(EXERCISE DATA Opens)

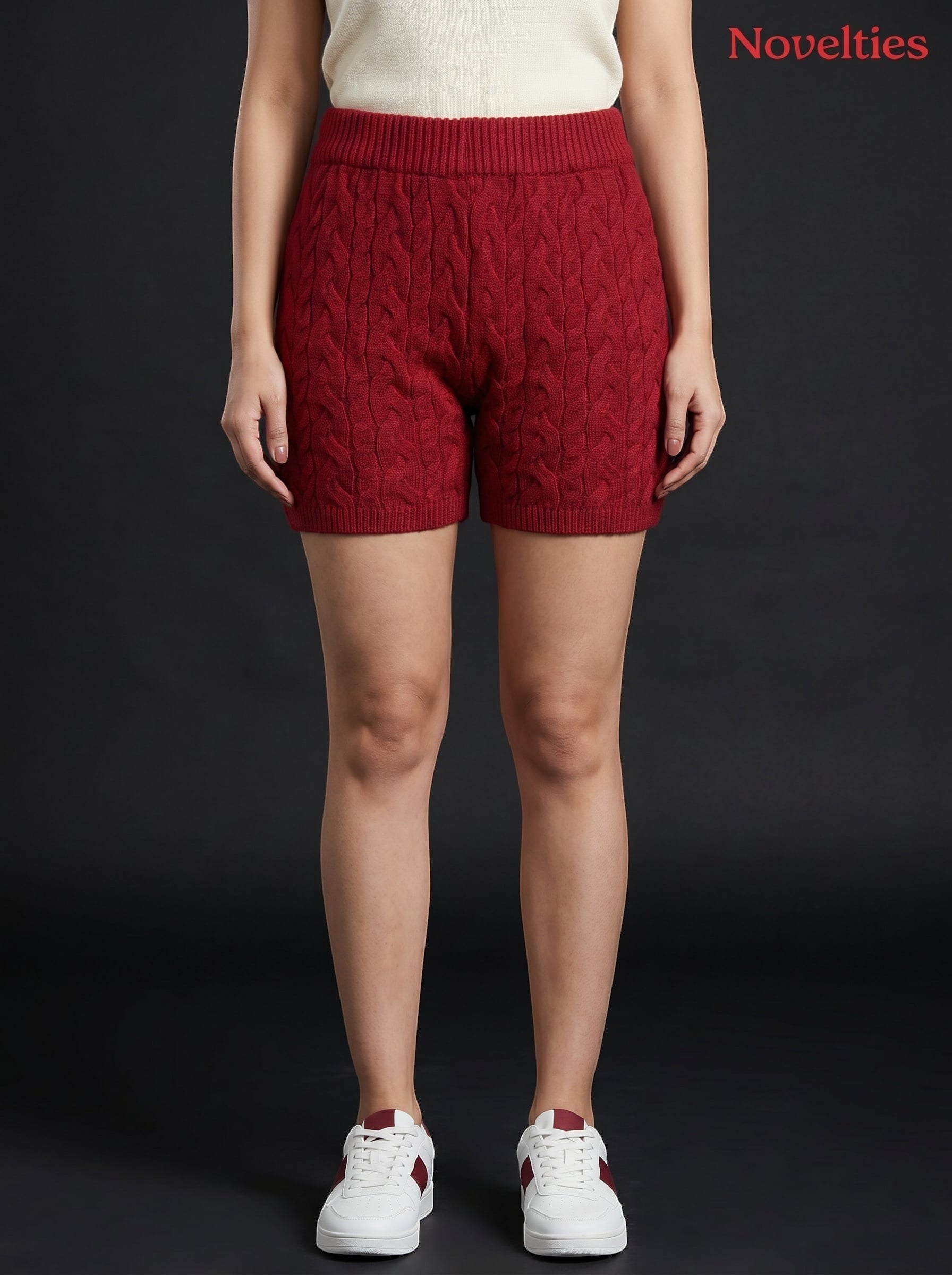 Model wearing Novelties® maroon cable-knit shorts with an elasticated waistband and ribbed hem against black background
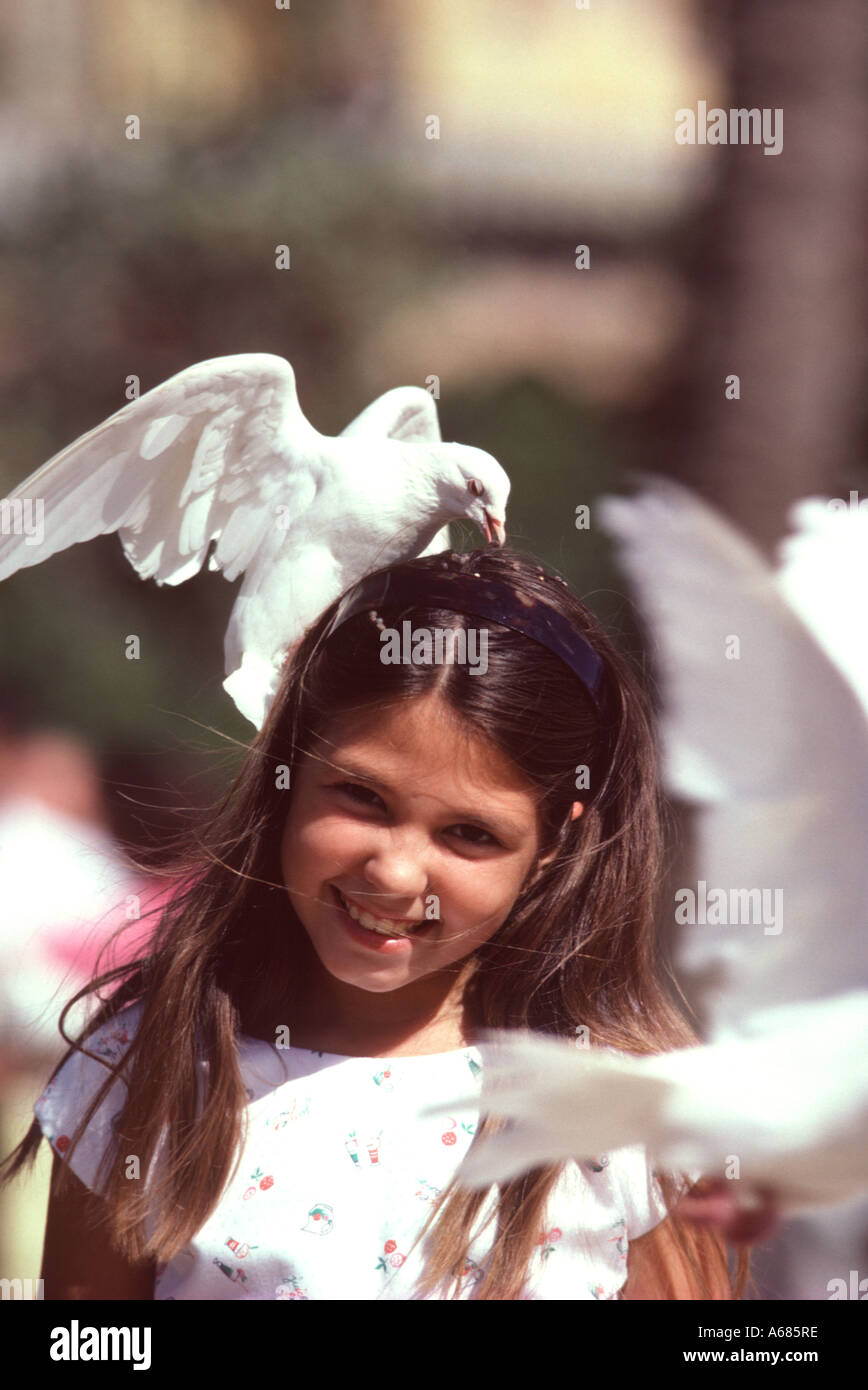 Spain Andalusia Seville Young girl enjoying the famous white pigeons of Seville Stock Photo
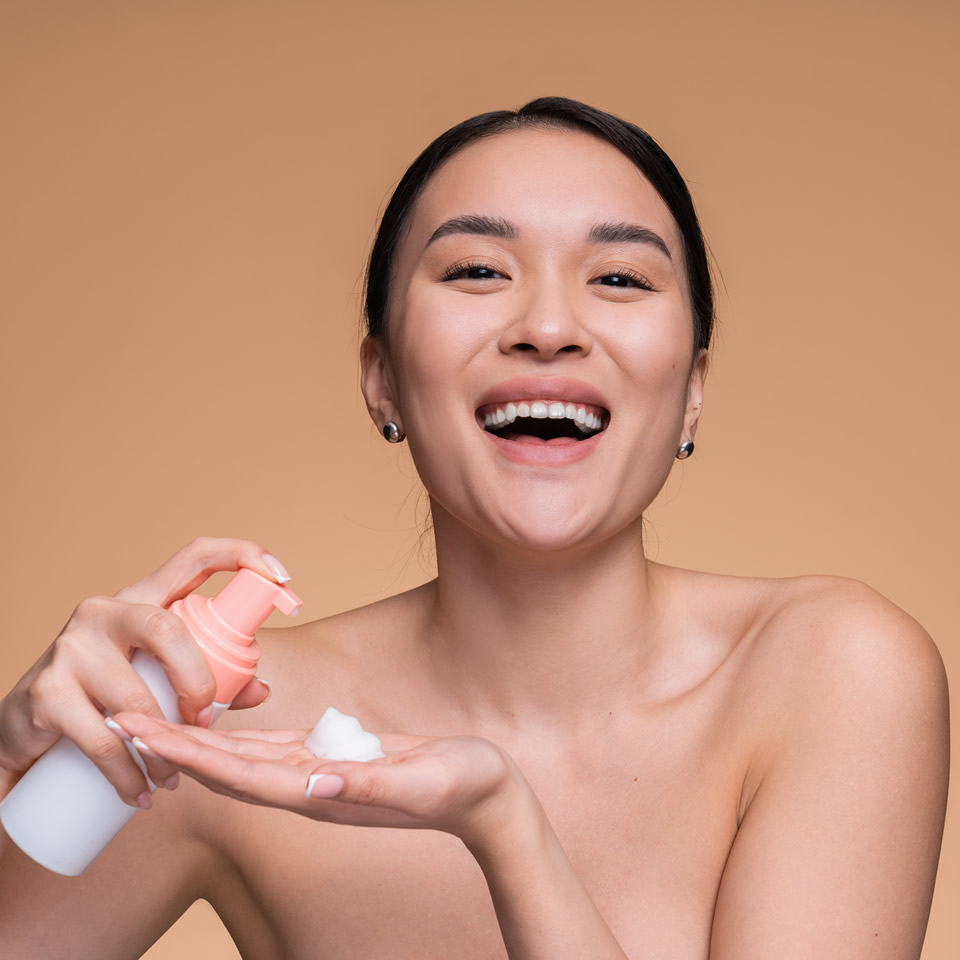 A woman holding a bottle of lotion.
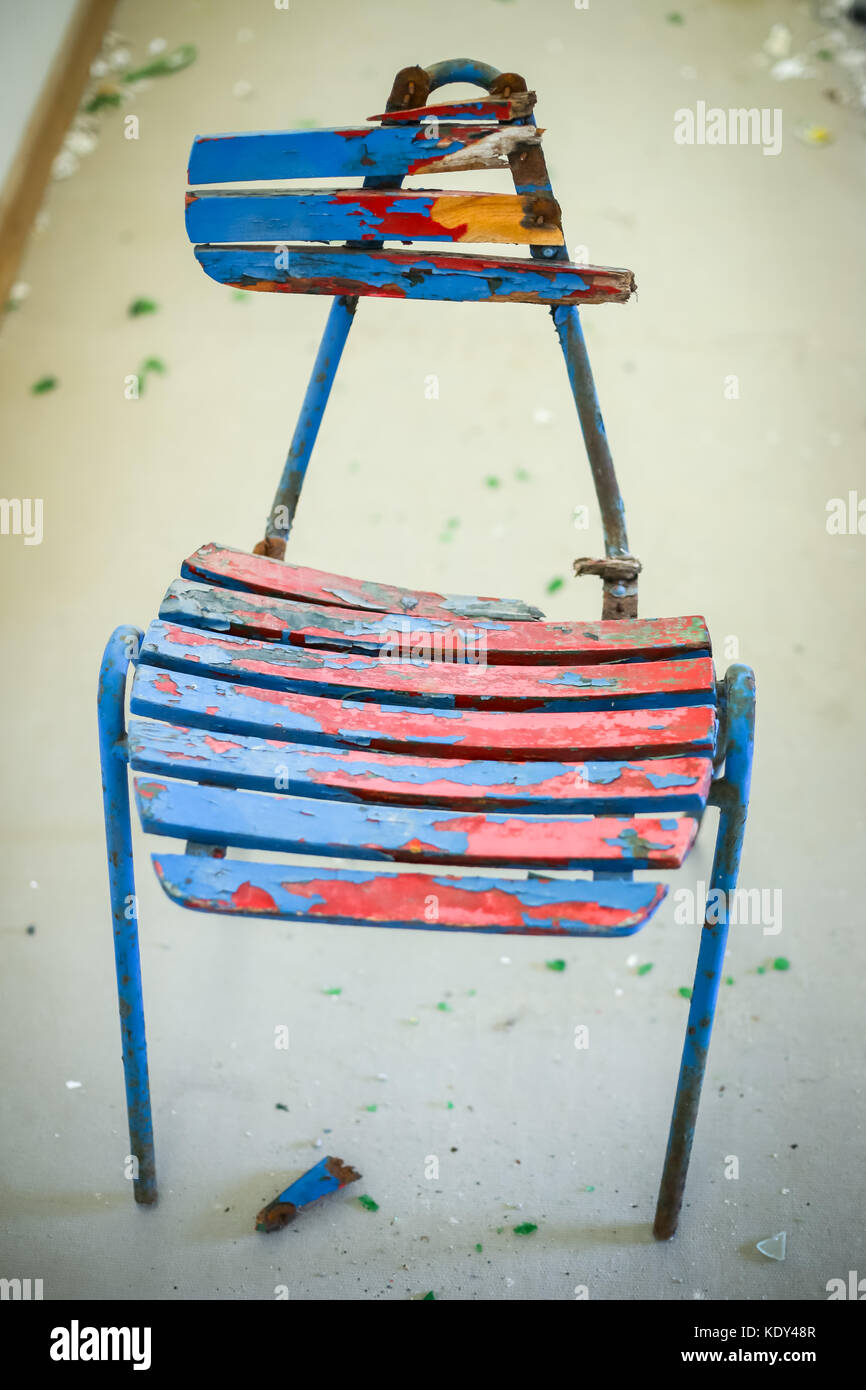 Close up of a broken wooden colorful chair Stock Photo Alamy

(EXERCISE DATA Closes)

Would you retype all the lines shown above, exactly as written and without any picture?

 Model wearing Novelties® maroon cable-knit shorts with an elasticated waistband and ribbed hem against black background
 Spain Andalusia Seville Young girl enjoying the famous white pigeons of Seville Stock Photo
 A woman holding a bottle of lotion.
 Close up of a broken wooden colorful chair Stock Photo Alamy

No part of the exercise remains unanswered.